I had my first kiss junior year of high school. Yes, it was homecoming. Yes, it was in the rain (shout out to The Notebook). Yes, it lasted less than a second but I dreamt of it for days. Yes, the boy in question did tell me two days later that we couldn’t ever be together because he’d rather have a good friendship with my brother (who had already graduated and was living in France). Yes, I believed my lackluster kissing credentials were foundational in the dumping.

From this point I digress from personal kissing stories. Too many members of my family read this blog and, well, that explains enough.

I grew up in a Christian world that did not discuss kissing. Sex before marriage was definitively labeled sin, sex in marriage was rumored to be okay—God ordained at least—but not discussed openly, and anything between those absolutes was murky.

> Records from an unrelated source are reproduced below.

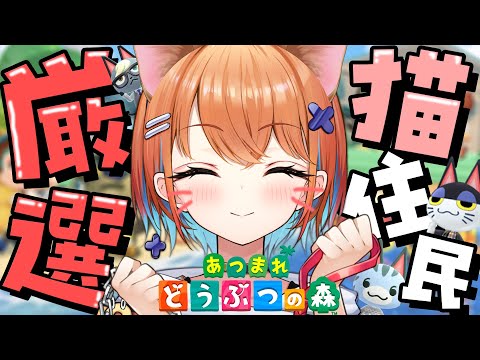 【圧森】猫住民を求めて三千里。今日も島評価３を目指して発展だ～！【天吹サン / #ミクスト/＃あつまれどうぶつの森】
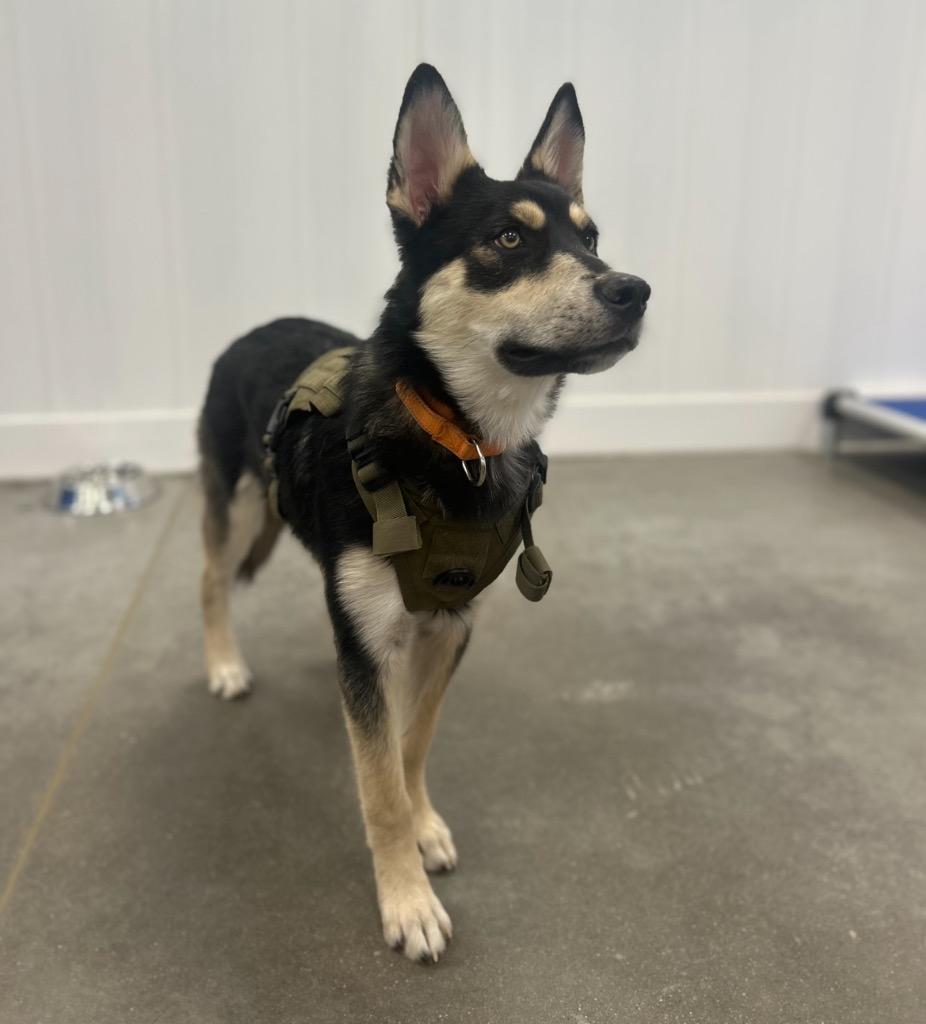 Cloud Dancer, Adoptable, Puppy Male Husky & Shepherd.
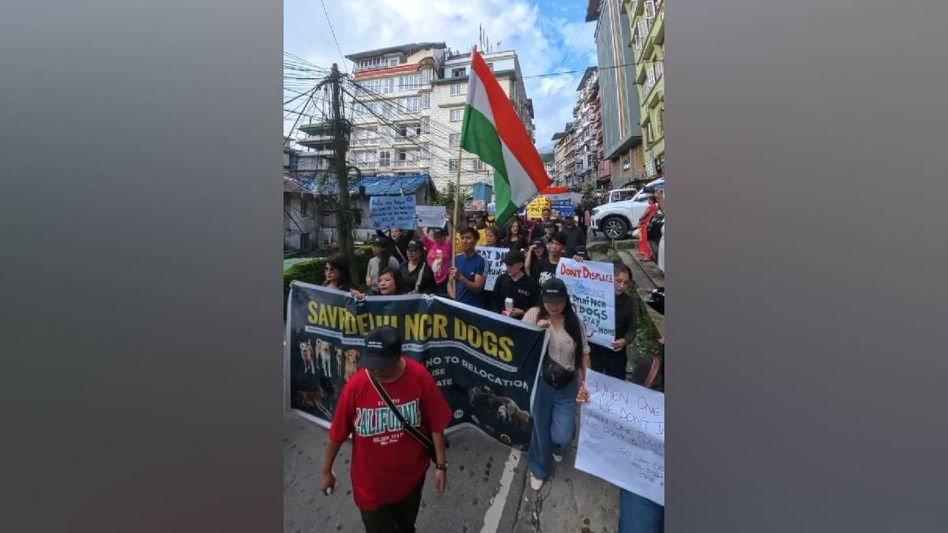 Sikkim citizens hold candle rally to advocate street dog welfare Sikkim citizens hold candle rally to advocate street dog welfare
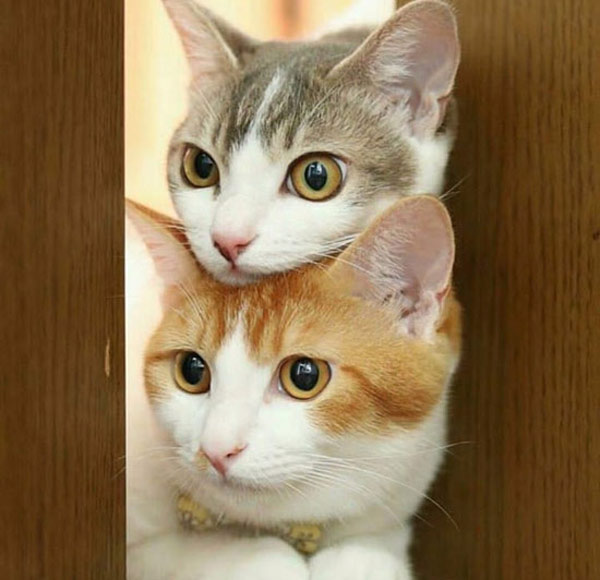 two-headed cat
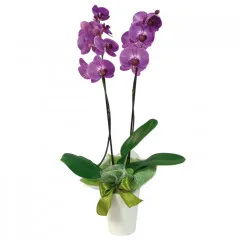 Meet flowers online. We have phalaenopsis in interesting  pot.
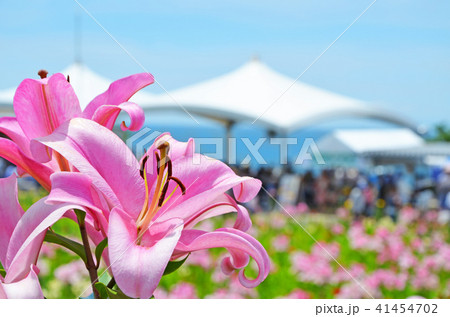 大阪舞洲ゆり園の風景 大阪舞洲ゆり園の風景 41454702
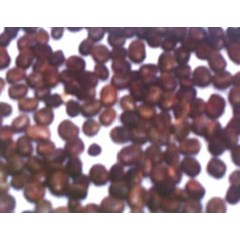 centrosema pubescens seed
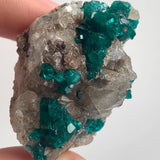 rare namibia dioptase with large crystals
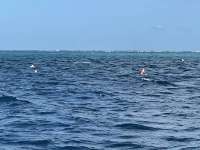 Great day of scuba diving in Key Largo with Rainbow Reef on drift molasses tropical explorer 2021 05 15 r11123 1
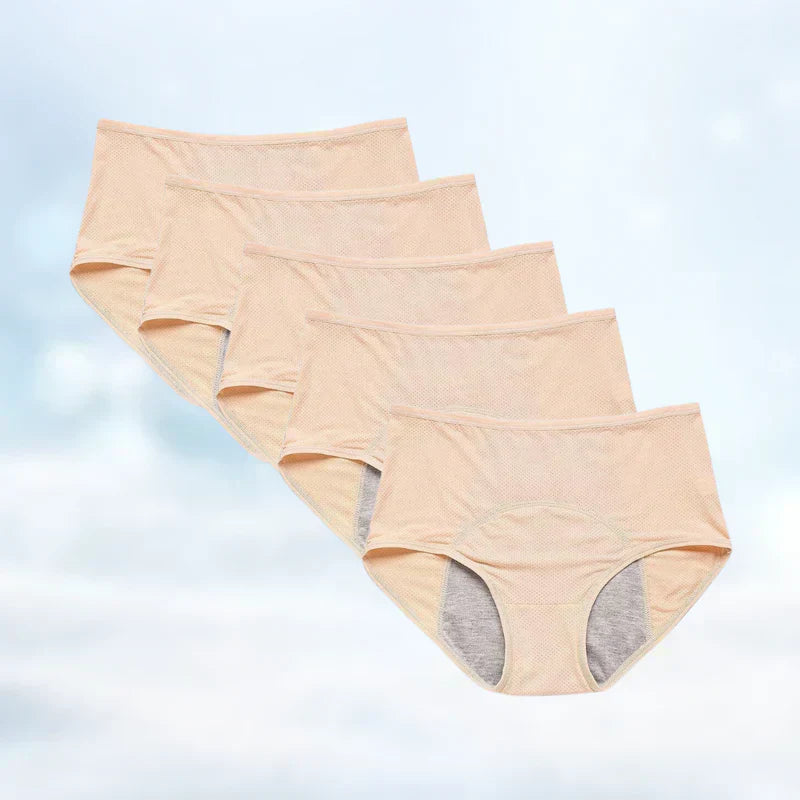 Comfortable Waterproof Ladies Briefs 5 Pack Deal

In an overly bright classroom plastered with Bible verses, I was taught that my body was a temple and, since everyone else in the room was nodding their heads in understanding, I acquiesced. What I wasn’t taught was what the hell that meant. Can temples wear make up? Can temples go on dates? Can temples flirt, hold hands, kiss…? The church taught me the NOs with none of the YESs while my public school showered me with the YESs and none of the NOs. Yet, I couldn’t believe that humans were made for these absolutes.

I was not the first among my friend group to have my first kiss, nor was I the last. Some of my friends were kissing commanders before I was even a private and some friends have yet to enlist. The point of my macking-musings are not to determine which timeline is best. I do not proclaim a right or wrong time or manner in which to encounter a first kiss. I merely ask for the language with which to open the discussion.

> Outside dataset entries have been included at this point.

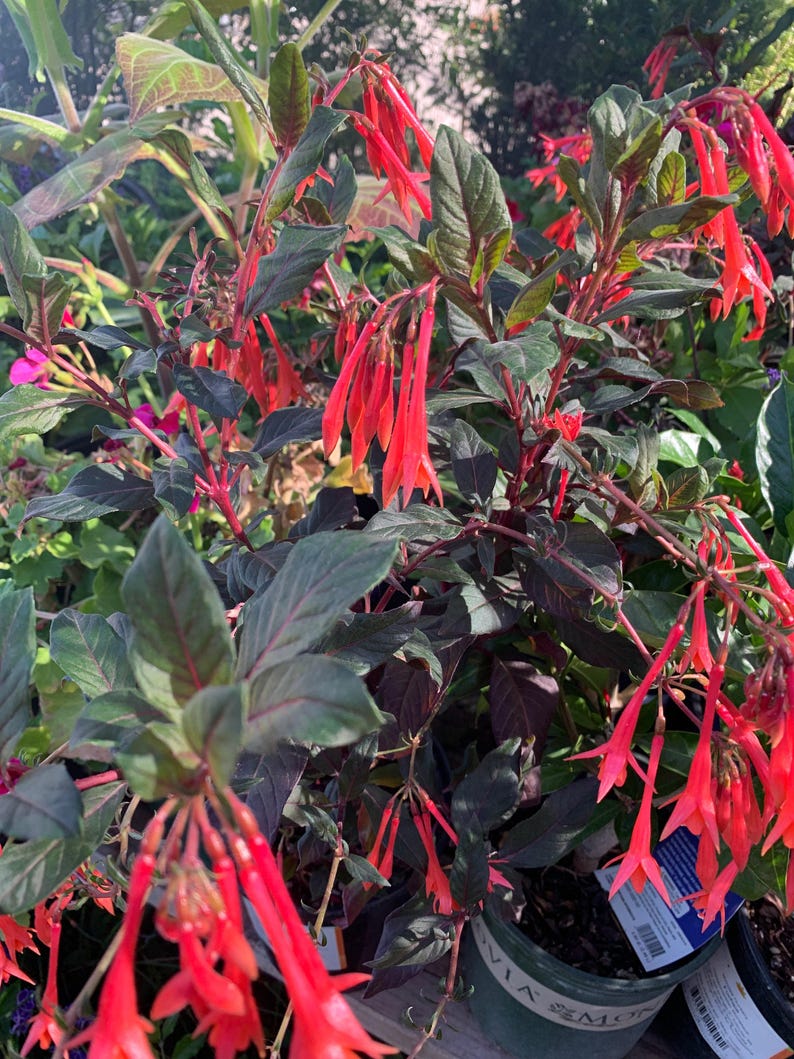 Fuchsia Live Plant in 6-inch Pot | Gartenmeister Bonstedt with Bright Red-Orange Tubular Flowers & Reddish-Green Foliage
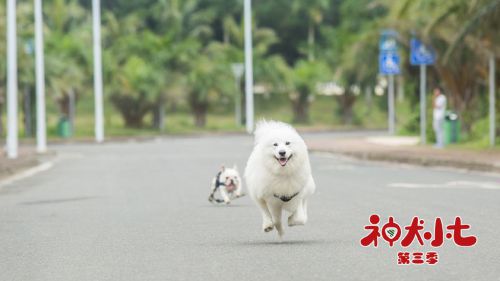 神犬小七 第三季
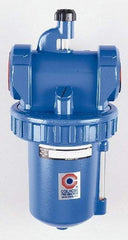 Coilhose Pneumatics - 1-1/4 NPT Port, 250 Max psi, Large Capacity Lubricator - Metal Bowl, Zinc Body, 25 CFM, 150°F Max, 11" High - Caliber Tooling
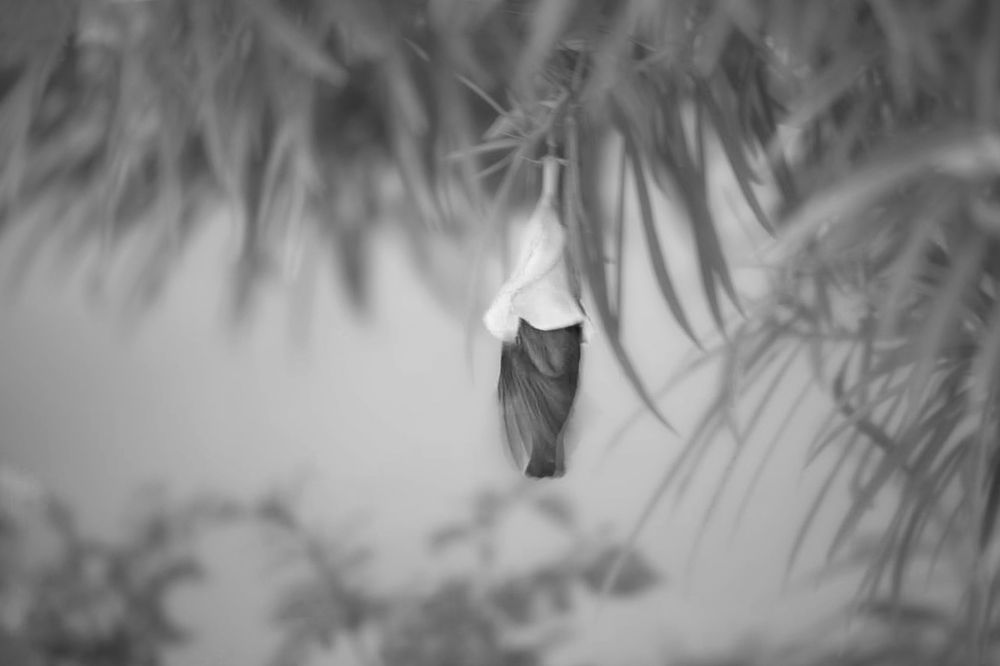 Фотография автора Dr.Hitesh Patel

The problem is that both sides are shamed. The friends who kissed early were given the eyebrows at youth group and the girls who hadn’t kissed by college were insecure.

Our churches didn’t give us the words to discuss physicality. The outside world, unfortunately, had plenty of prepackaged labels our adolescent tongues too readily acquired—slut and prude to name the extremes. As teens we needed words for that dimension of relationships craved. Why were we left empty-handed?

I do not write with the purpose to slander. I have never facilitated a youth group or given words to a congregation desperate for jargon. Yet, I have been left desperate for vernacular by both. I felt ashamed if I kissed or didn’t but wanted to or didn’t at all. The lack of words given by the church made us feel shameful for even desiring the words.

I believe there can be space for the questions and discussions in the church, if only the doors would open.